Good luck, I have heard that there is a great market for this kind of stuff and you may get some money out of it.
 
Shann - We're not really interested in selling the salvaged wood. We would much rather salvage and then re-build with the timbers. The company I found will dismantle, inventory, refurbish, and finally build with the salvaged wood.

Its expensive..... very..... but, this is what we have our heart set on and we'd like to see if there's any way we can manage it financially.
 
Shann - We're not really interested in selling the salvaged wood. We would much rather salvage and then re-build with the timbers. The company I found will dismantle, inventory, refurbish, and finally build with the salvaged wood.

Its expensive..... very..... but, this is what we have our heart set on and we'd like to see if there's any way we can manage it financially.

That's a great idea. If our barn was salvageable I might do the same thing.

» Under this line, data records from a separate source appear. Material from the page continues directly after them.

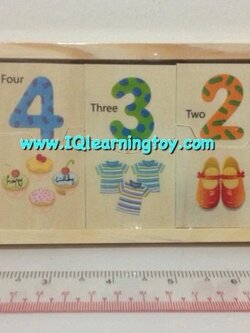 ของเล่นไม้- ชุดจับคู่จำนวนสิ่งของกับตัวเลข 1-10 ชุดกลาง สอนเรื่องเลขผ่านการนับจำนวนสิ่งของจับคู่กับหมายเลขใหุ้ถูกค้อง ส่งฟรีค่ะ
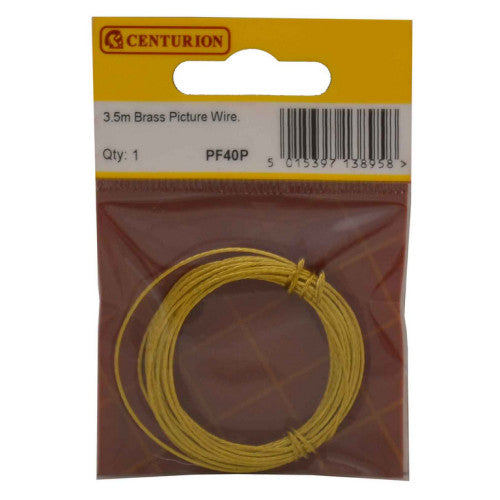 3.5m Brass Picture Wire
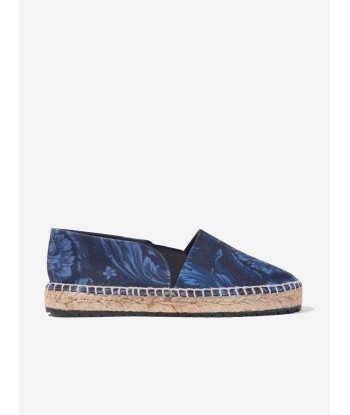 Versace Boys Barocco Espadrilles in Navy votre restaurant rapide dans 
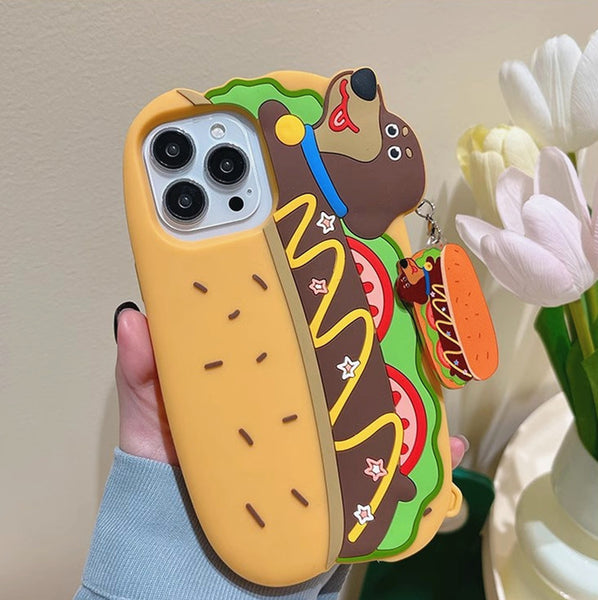 Funny Hot Dog Phone Case for iPhone 11/12/12pro/12pro max/13/13pro/13pro max/14/14 pro/14pro max PN6146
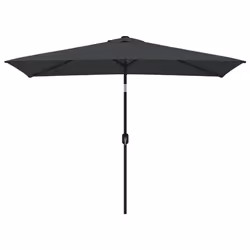 vidaXL Ombrellone con Palo in Metallo 300x200 cm Antracite - Vista aggiuntiva 2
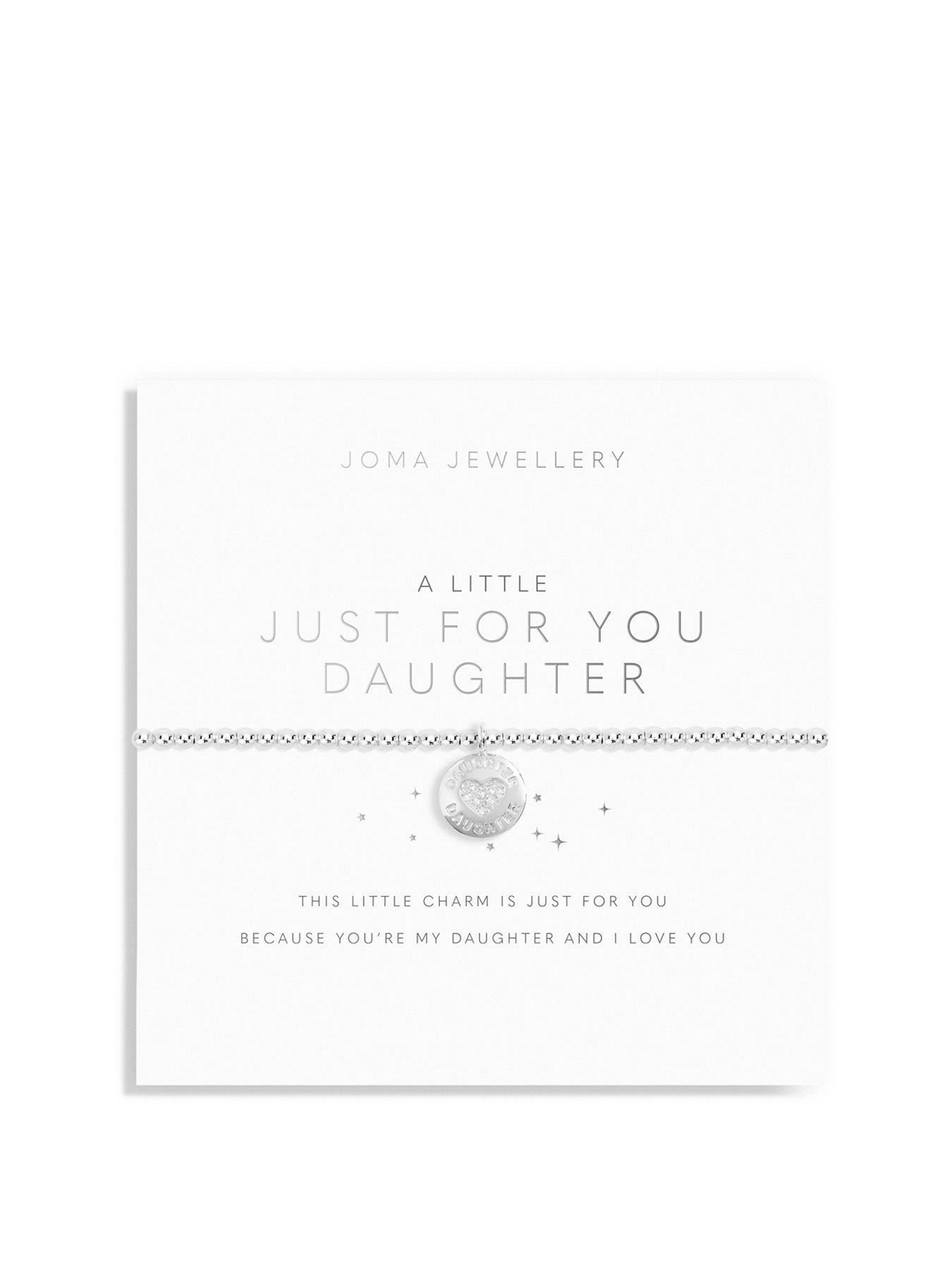 Joma Jewellery A Little Just For You Daughter Bracelet In Silver Plating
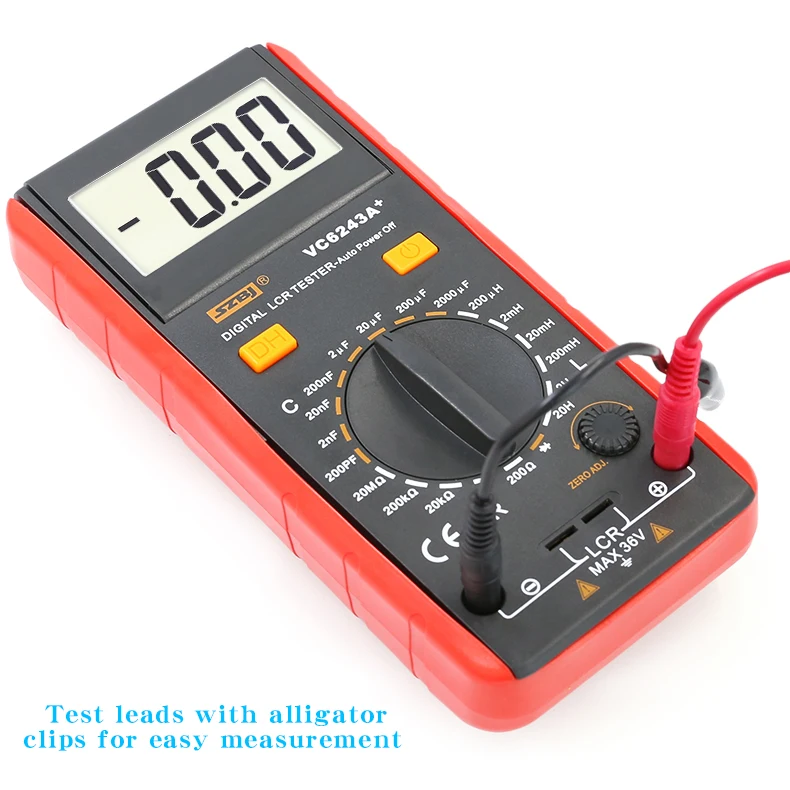 SZBJ LCR Tester Inductance Meter VC6243A, specialized instrument for measuring inductance, capacitance, and resistance 5
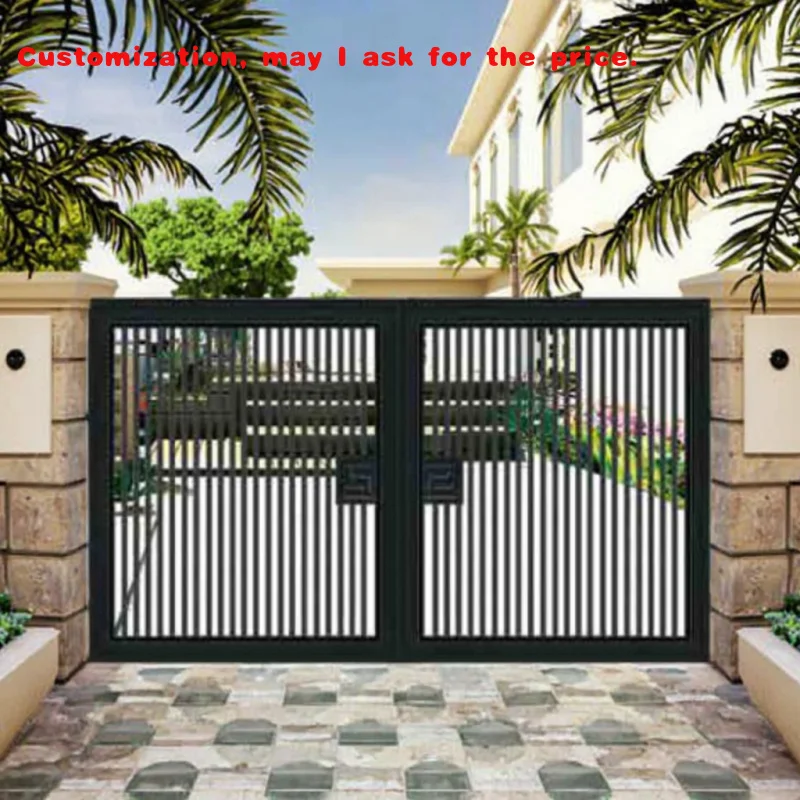 

custom.Aluminium Courtyard Gate Garden High Quality Entrance Security Gate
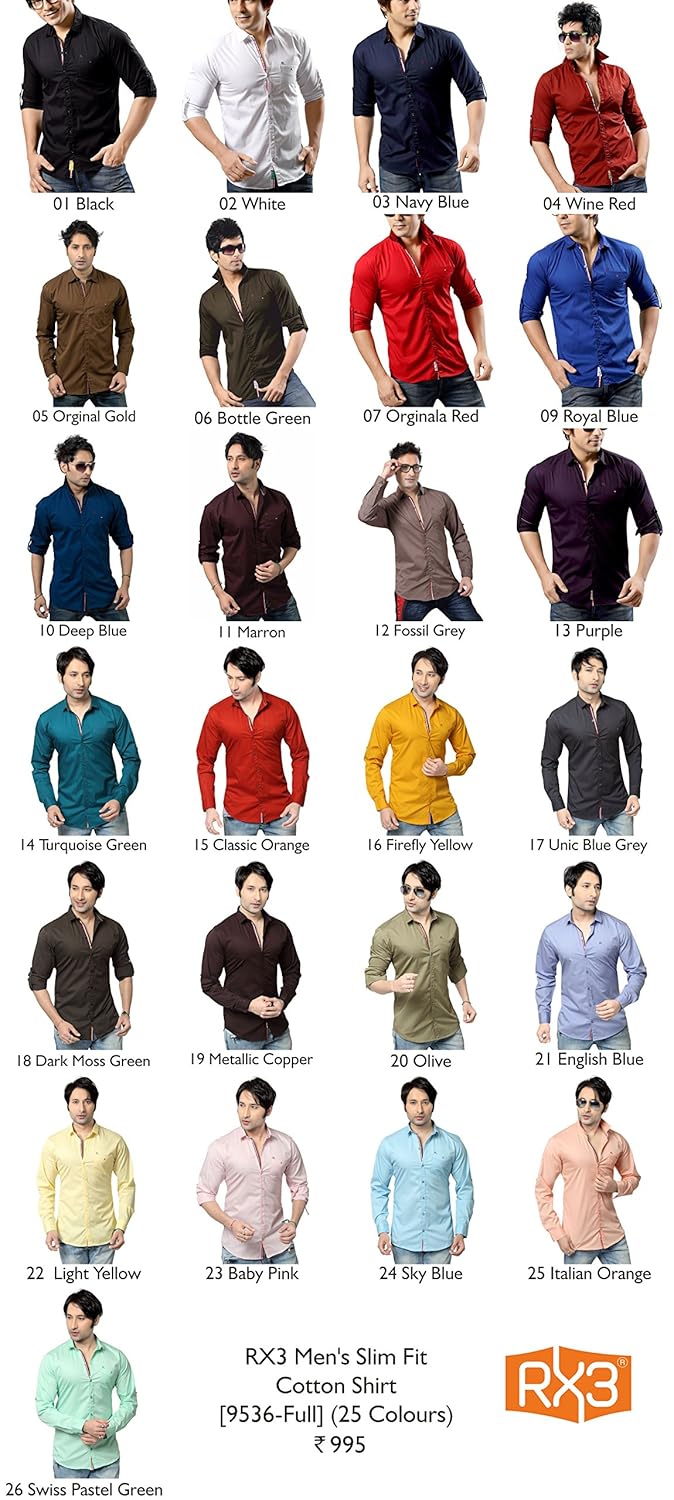 redox men's slim fit cotton shirt [9536-full]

If you don't need a barn that big, by "downsizing" the barn you'd save some money and maybe be able to sell off some of the wood. We are currently rehabbing a much smaller barn on our property that will serve as a storage shed and a "utility" room and since it is much smaller than our full size barn (its about the size of a two car garage but with a barn style roof) the price is doable.

Good luck and post pics of the process.
 
I'd compare the complete-tear-down-and-rebuild idea and consider just some "re-structural" work.... First, I'd clear away all of those trees and all of that undergrowth around the structure (promotes rot and foundation problems) and then do the necessary work to provide what ever support is needed to keep the 'ol girl alive and relatively "original"!

I love old barns and always hope that the folks who own them will consider the "repair" method rather than the "replace" method... But that's just sentimental ol' me.:eek::)

Either way, good luck!
 
I like Timcsaw's post. An original standing barn like that is priceless and could never be replaced.

And using barn wood in a historic home would render the house un-authentic as well. Sad that so many historic properties are "remuddled," stripped of their original architectural style and character.

------------------------

Definition of "Remuddled": variation of the word "remodeled." Ruining a historic property by remodeling inappropriately.
 
Thanks for the input folks.
Bob W - I'm not clear on why salvaged old timbers would render a new house "un-authentic". Hand-hewn timbers and hand-hewn timbers whether used in a barn, house, silo, or boat dock.

The reality is that the barn is falling down and has become not only a fire hazard, but also an attractive nuisance(read "liability"), and now has to be dealt with. There is no viable option to just do some structural patchwork for what we intend. It needs to be re-built.

If we can incorporate some of the timbers from that barn (that would otherwise be destined for the fire pit, into the new house.... we think that's a win-win for sentiment, design, and bank account(?). Ultimately, the new house and barn would look almost identical to the original structures.